As global brands push up efforts to diversify sourcing beyond traditional manufacturing hubs, India is repositioning its textile industry through an integrated growth strategy aimed at transforming the country into a full-spectrum sourcing destination. The push comes at a time when geopolitical disruptions, compliance-heavy retail sourcing norms, and rising demand for sustainable manufacturing are forcing global apparel companies to reassess long-term supplier relationships.
Addressing the TEXPROCIL Export Awards in Mumbai, Union finance minister Nirmala Sitharaman outlined the government’s vision of connecting the entire textile value chain: from farm and fibre to factory, fashion, and foreign markets. The objective is to scale India’s textile and apparel sector to Rs 24.17 lakh crore ($250 billion) while driving exports to Rs 9.67 lakh crore ($100 billion) by 2030 as part of the broader Viksit Bharat 2047 roadmap.
The strategy reflects a move away from fragmented, low-value textile manufacturing toward vertically integrated, globally compliant production ecosystems capable of handling large institutional sourcing contracts.
Manufacturing infrastructure the core competitive lever
India’s textile sector already has pole position within the domestic economy, contributing roughly 2.3 per cent to GDP while supporting nearly 6 crore livelihoods directly and indirectly. The industry also accounts for almost 12 per cent of India’s total export earnings.
Table: Overview of textile sector’s contribution to Indian economy
GDP contribution 2.3% of India's total Gross Domestic Product
Total National Export Earnings Accounts for nearly 12% of total outbound trade revenues
Socio-Economic Employment Base Supports close to 6 crore (60 million) livelihoods directly and indirectly
Aggregate Fiscal Year Exports (FY26) Rs 3.01 lakh crore ($33.5 billion) across all textile segments
Core Cotton Textile Consortium Exports Contributes approximately $11 billion to national outbound trade
To support future export growth, the government is pushing for investment in large-scale manufacturing clusters. The rollout of seven PM MITRA textile parks has already attracted investment commitments over Rs 27,000 crore. These integrated parks are designed to streamline operations across spinning, processing, weaving, and garment manufacturing while reducing logistics inefficiencies that historically weakened India’s competitiveness against rival sourcing nations.
The infrastructure push is being backed by policy incentives under the Amended Technology Upgradation Fund Scheme (ATUFS) and a broader fiscal framework introduced through recent Union Budgets. New initiatives including the Textile Expansion and Employment Scheme, National Fibre Scheme, Tex-Eco Initiative, and Samarth 2.0 are intended to modernize production capacity, improve labour productivity, and support sustainable manufacturing upgrades.
Industry stakeholders say these integrated manufacturing hubs are critical as global retailers shift toward vendor consolidation, preferring suppliers capable of delivering scale, compliance, and speed under one operational network.

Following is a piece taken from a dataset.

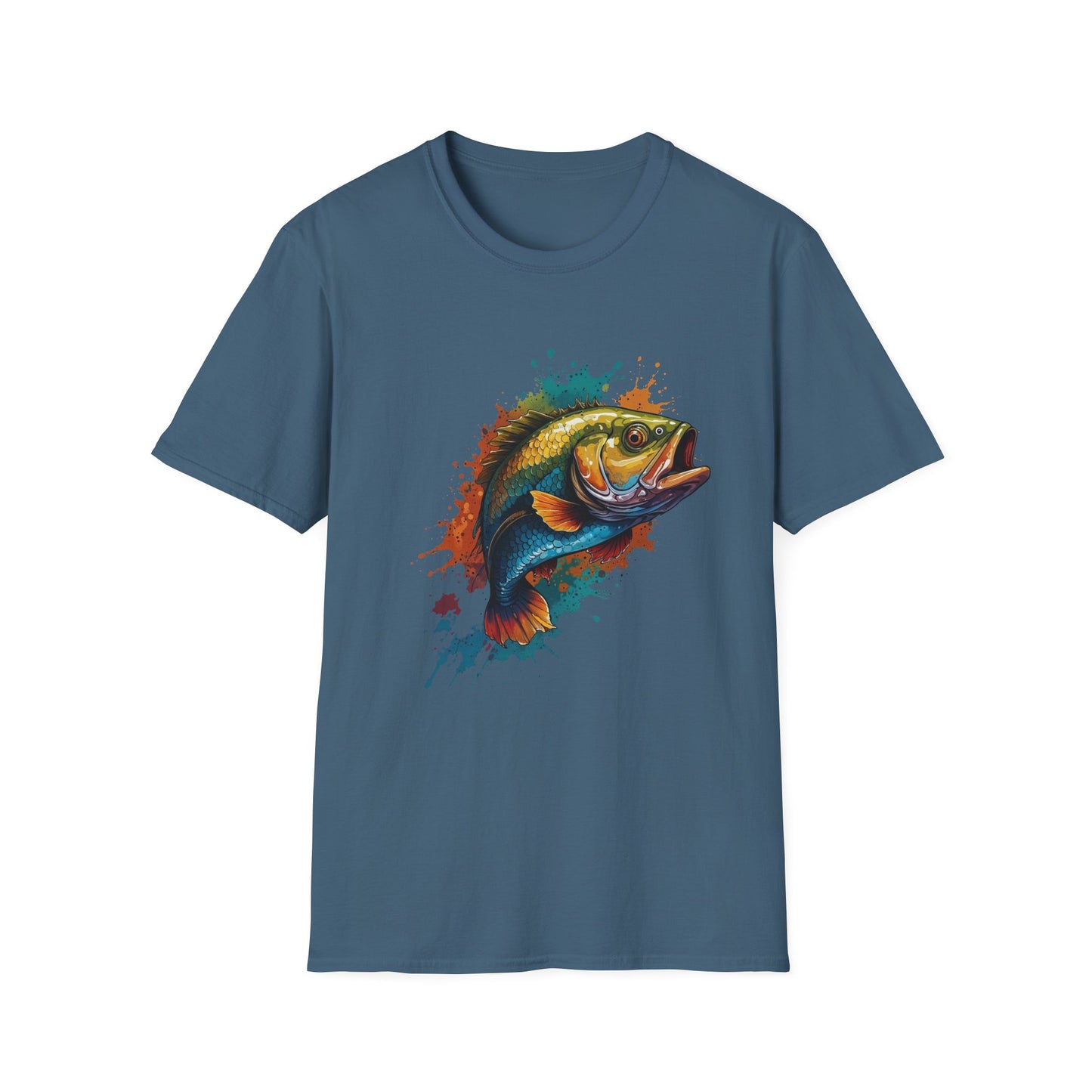 Colorful Bass Unisex T-Shirt with Gold Tone Detail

ESG compliance in focus global retail sourcing
While cost competitiveness remains important, sourcing decisions among large western retailers are increasingly being shaped by environmental and governance metrics. Major fashion groups including H&M, Zara, and Marks & Spencer are tightening sourcing requirements around traceability, carbon disclosures, labour transparency, and recycled or organic material usage.

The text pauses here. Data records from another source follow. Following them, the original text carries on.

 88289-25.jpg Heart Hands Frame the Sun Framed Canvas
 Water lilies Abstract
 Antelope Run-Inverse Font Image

This is fundamentally altering how Indian exporters compete in global markets. Manufacturers that invest in automated cutting systems, energy-efficient production lines, water recycling infrastructure, and blockchain-enabled traceability are securing premium contracts and better margins. Conversely, exporters operating on legacy manufacturing systems are facing pricing pressure and declining order volumes.

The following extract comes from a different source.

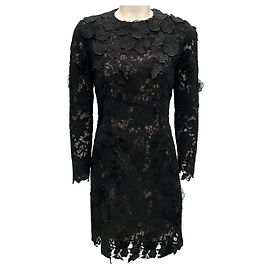 Jason Wu Collection Black Lace Cocktail Dress Black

To address capability gaps, the government has launched the Advanced Certificate Program in International Trade (ACPIT), designed to train exporters in handling ESG audits, non-tariff barriers, compliance documentation, and digital inventory systems. The shift indicates that future competitiveness in apparel exports will rely as much on technological and sustainability credentials as on traditional labour-cost advantages.
FTAs and incentives cushion global volatility
India’s textile ambitions are also unfolding against a volatile geopolitical backdrop. Recent disruptions across maritime trade corridors, including tensions affecting the Strait of Hormuz shipping route, have heightened concerns around freight costs, delivery delays, and raw material inflation.
To offset some of these pressures, the Directorate General of Foreign Trade has extended benefits under the RoDTEP scheme, restoring export tax rebates and helping manufacturers partially neutralize embedded domestic levies. At the same time, India is expanding its market access through a series of trade negotiations and free trade agreements with the European Union, the UK, the European Free Trade Association (EFTA), Oman, and New Zealand.
These agreements are expected to lower tariff barriers for Indian cotton, silk, yarn, and finished apparel products in major consumer markets. Experts say, preferential market access could significantly improve India’s position against competing sourcing destinations such as Bangladesh, Vietnam, and China, particularly in premium apparel categories.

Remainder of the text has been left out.